■ **Records for processing**
/---
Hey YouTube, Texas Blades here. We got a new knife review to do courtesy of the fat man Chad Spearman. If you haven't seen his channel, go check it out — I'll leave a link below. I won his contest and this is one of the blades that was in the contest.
\---
/---
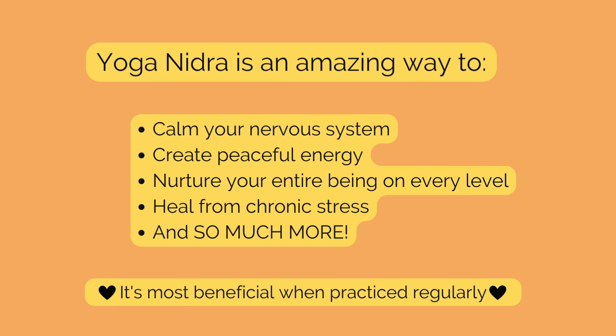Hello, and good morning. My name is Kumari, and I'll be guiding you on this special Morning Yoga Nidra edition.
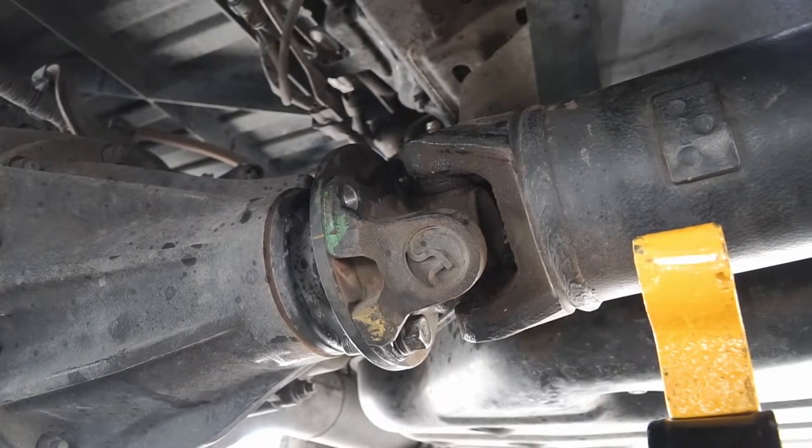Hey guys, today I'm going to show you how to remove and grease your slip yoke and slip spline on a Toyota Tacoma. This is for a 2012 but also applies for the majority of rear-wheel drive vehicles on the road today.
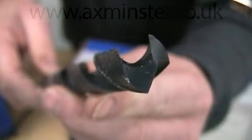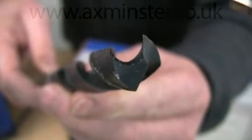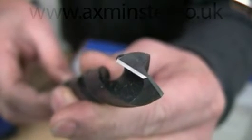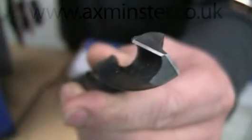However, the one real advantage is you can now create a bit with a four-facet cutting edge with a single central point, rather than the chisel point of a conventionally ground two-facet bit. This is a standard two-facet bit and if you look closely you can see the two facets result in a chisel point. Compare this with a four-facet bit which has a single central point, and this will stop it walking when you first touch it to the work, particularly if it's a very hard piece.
\---
/---
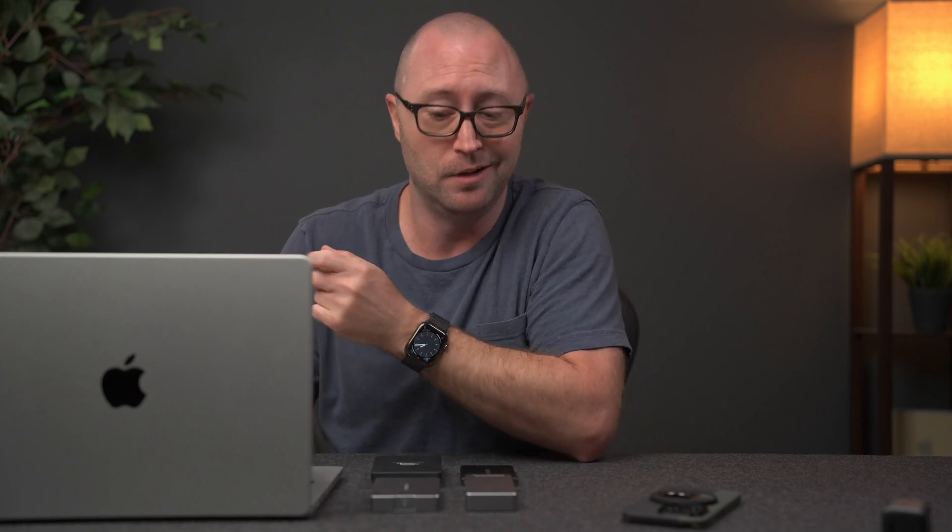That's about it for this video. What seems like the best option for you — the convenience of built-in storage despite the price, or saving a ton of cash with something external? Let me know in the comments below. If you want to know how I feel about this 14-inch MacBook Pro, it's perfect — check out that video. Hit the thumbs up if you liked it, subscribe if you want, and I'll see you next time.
\---
■ **Exercise prompt**
Restate the lines above from the one containing "Hello, and good" through the one containing "However, the one", inclusive, exactly and without pictures.

■ **The answer**
Hello, and good morning. My name is Kumari, and I'll be guiding you on this special Morning Yoga Nidra edition.
Hey guys, today I'm going to show you how to remove and grease your slip yoke and slip spline on a Toyota Tacoma. This is for a 2012 but also applies for the majority of rear-wheel drive vehicles on the road today.
However, the one real advantage is you can now create a bit with a four-facet cutting edge with a single central point, rather than the chisel point of a conventionally ground two-facet bit. This is a standard two-facet bit and if you look closely you can see the two facets result in a chisel point. Compare this with a four-facet bit which has a single central point, and this will stop it walking when you first touch it to the work, particularly if it's a very hard piece.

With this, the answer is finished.